To do
Repeat the records exactly. Leave out the pictures.
━━━ Material to process ━━━
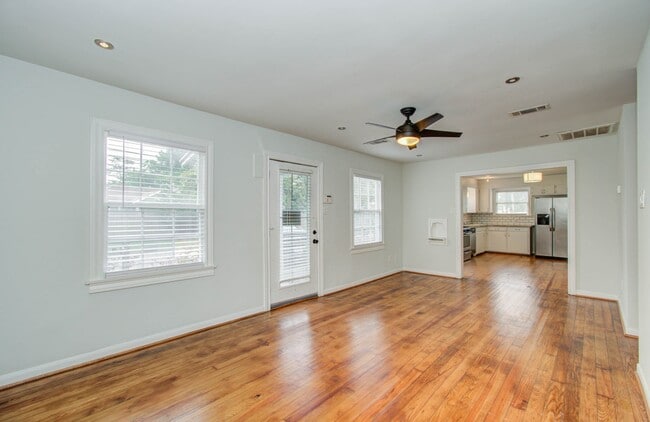 Building Photo - 4706 Fisk St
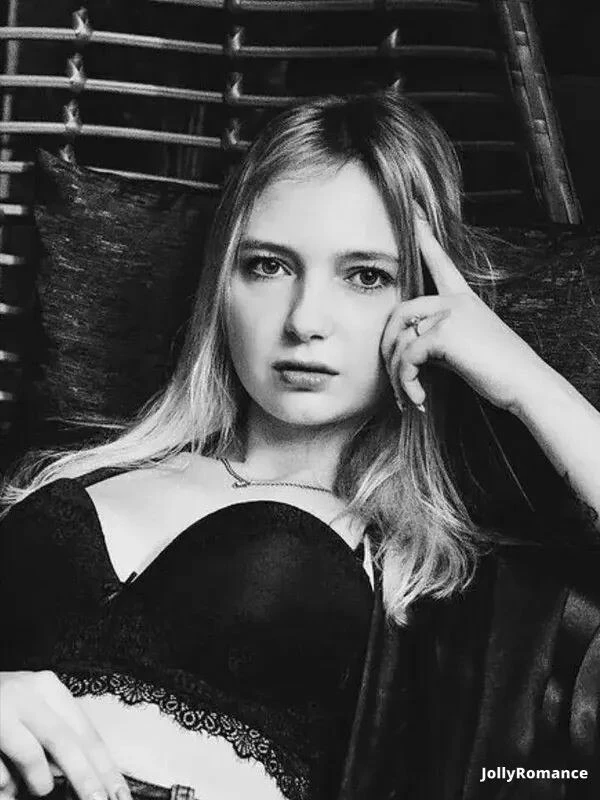 Oksana Profile image 3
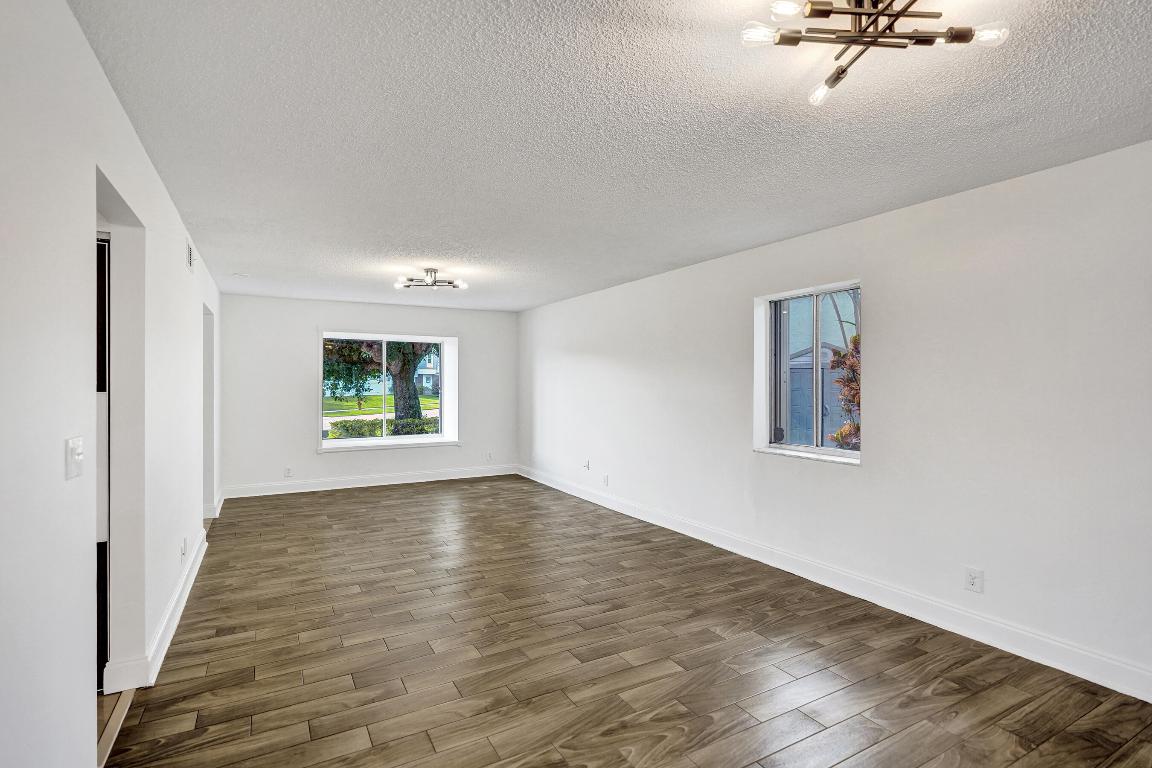 9855 Robins Nest, Boca Raton FL 33496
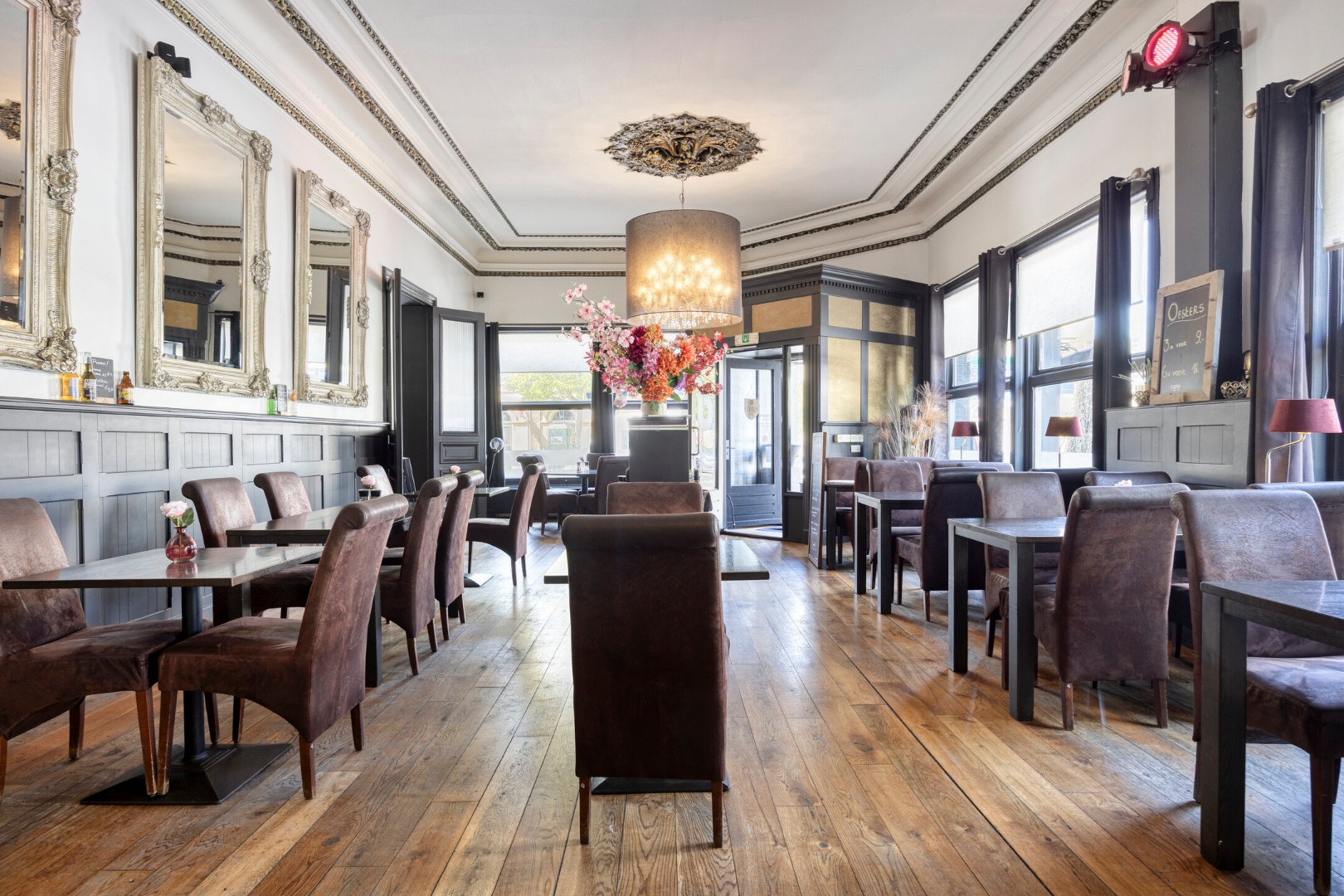 Handelshuis met horecazaak, 2 appartementen en luxueuze loft op toplocatie in Leopoldsburg 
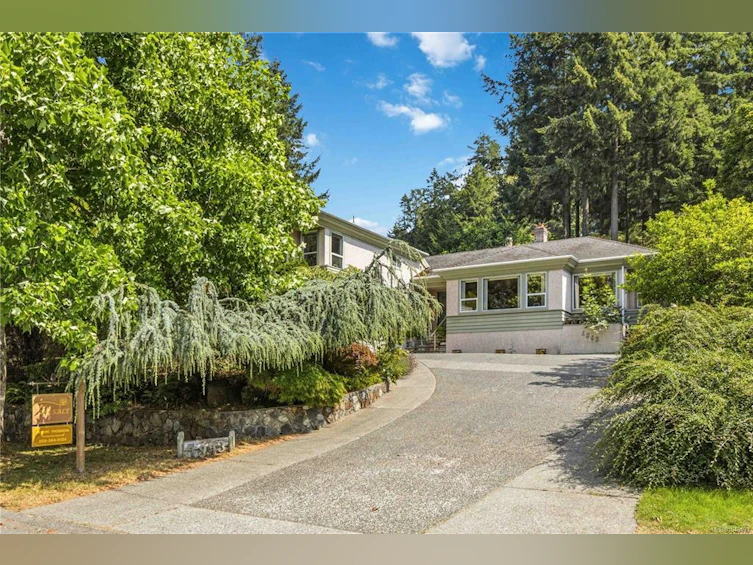 4343 Emily Carr Drive, Saanich, BC, V8X 5E4 - 41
━━━
Written response
 Building Photo - 4706 Fisk St
 Oksana Profile image 3
 9855 Robins Nest, Boca Raton FL 33496
 Handelshuis met horecazaak, 2 appartementen en luxueuze loft op toplocatie in Leopoldsburg 
 4343 Emily Carr Drive, Saanich, BC, V8X 5E4 - 41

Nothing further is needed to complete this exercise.